Social Network Analysis, Metadata and Business Intelligence: Paul Revere’s Ride Revisited
Originally published March 18, 2014
“One if by land, two if by sea.” Every child in this country eventually comes across this phrase that shines as brightly in American history as the lantern light from the North Church tower that it refers to. Henry Wadsworth Longfellow immortalized Paul Revere’s Ride in his famous poem, but now Ed Snowden’s leaks about the NSA data collection methods and the debate that it sparked has also brought about an interesting series of attempts to revisit Paul Revere, the man, the ride and the events around it, and use them as a learning scenario for the present.
“I have been asked by my superiors to give a brief demonstration of the surprising effectiveness of even the simplest techniques of the new-fangled Social Networke Analysis in the pursuit of those who would seek to undermine the liberty enjoyed by His Majesty’s subjects.”Using the work of Brandeis historian David Hackett Fischer, who had studied the historical event, as well as Paul Revere himself and his affiliations, in extensive detail, Healy developed some adjacency matrices based on the people Revere knew and the clubs or groups to which he belonged. (In a somewhat cute sideline, the mock report in the blog post credits “information gathered by our field agent, David Hackett Fischer,” whom it calls “…an expert and respected field Agent with a broad and deep knowledge of the colonies.”)
It identifies several key clubs or associations of dubious loyalty to the Crown remarking, tongue-in-cheek, “these organizational names sound rather belligerent.” The groupings are: the St.
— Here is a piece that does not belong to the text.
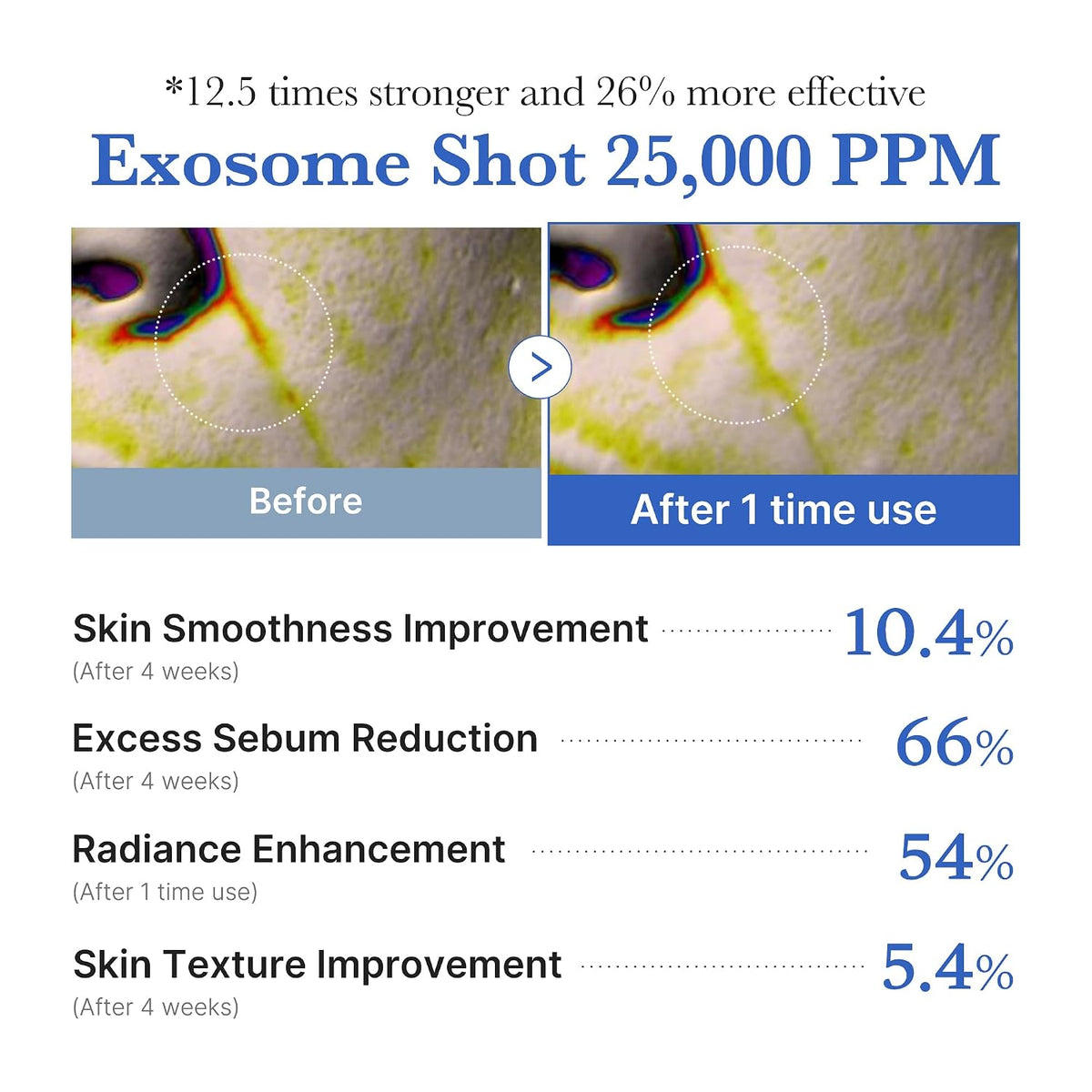medicube Exosome Shot Zero 25,000 PPM Spicule Facial Serum | Liquid Skin Booster Serum | Exosome, AHA+BHA+PHA | Pore Care, Dead Skin Cells, Skin Texture | Korean Skincare, 0.43 fl.oz (Pack of 2)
Andrews Lodge, the Loyal Nine, the North Caucus, the Long Room Club, the Tea Party, the Boston Committee and the London Enemies List. Healy then maps memberships and relationships of individuals and organizations creating both a “Person by Groups” and a “Groups by People” table. Using fairly standard SNA techniques – link analysis and centrality measures – he can rate some of the key members of the network. Guess who appears at the top of the list? None other than Paul Revere. He is at the top or among the top five in “betweenness centrality, eigenvector centrality and Bonacich Power Centrality” scores.
In fact, in an interview (see Paul Revere’s Ride, Booknotes, July 17, 1994), Fischer himself makes the case that the importance of Paul Revere went substantially beyond his ride.
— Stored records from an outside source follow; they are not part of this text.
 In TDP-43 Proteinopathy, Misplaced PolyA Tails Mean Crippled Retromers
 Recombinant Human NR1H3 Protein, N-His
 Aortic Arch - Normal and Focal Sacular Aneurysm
“We found 60 other riders who were out that same night, and it seemed that, far from detracting from Paul Revere, they actually made his role more important in that he was more than just a messenger, he was an organizer. He was a man who would get things done. He was a great joiner. He was an associating man. Everybody seemed to know him.”Of course, this whole exercise was motivated by the Snowden/NSA incident and debate. The many allusions in Healy’s post to the fact that “only metadata” was being used or that the presenter of the report to Parliament worked for the “Royal Security Administration (RSA)” were clearly intended to generate additional debate over that incident. Especially when you move to the next logical step, which Healy does not in his post, but Osterholz did at the ACT-IAC ELC: Now that we know that Paul Revere is a key player in a group of likely “conspirators and traitors,” what do we do about it?
This is the crux, of course, because if you were a revisionist historian at Oxford currently studying that period, it might make interesting speculation to suggest that Paul Revere should have been “neutralized” based on the data. This would sound horrendous to Americans today who still bask in the epic history of the Revolutionary War, where a band of upstart colonists and their ragtag army eventually beat the world’s dominant power…albeit with some help from the French.
At the end of his post, Healy is correct in drawing attention to the potential problem of false positives. “I admit,” he avers, “that, in addition to the possibilities for finding something interesting, there may also be the prospect of discovering suggestive but ultimately incorrect or misleading patterns.” And the consequence of a “neutralization” campaign, where the possibility of a false-positive is not negligible, is a big price to pay to in a society where, theoretically, a person is innocent until found guilty.
In all, this is a rather interesting way of eliciting discussion and transparency on the use of business intelligence techniques on these issues.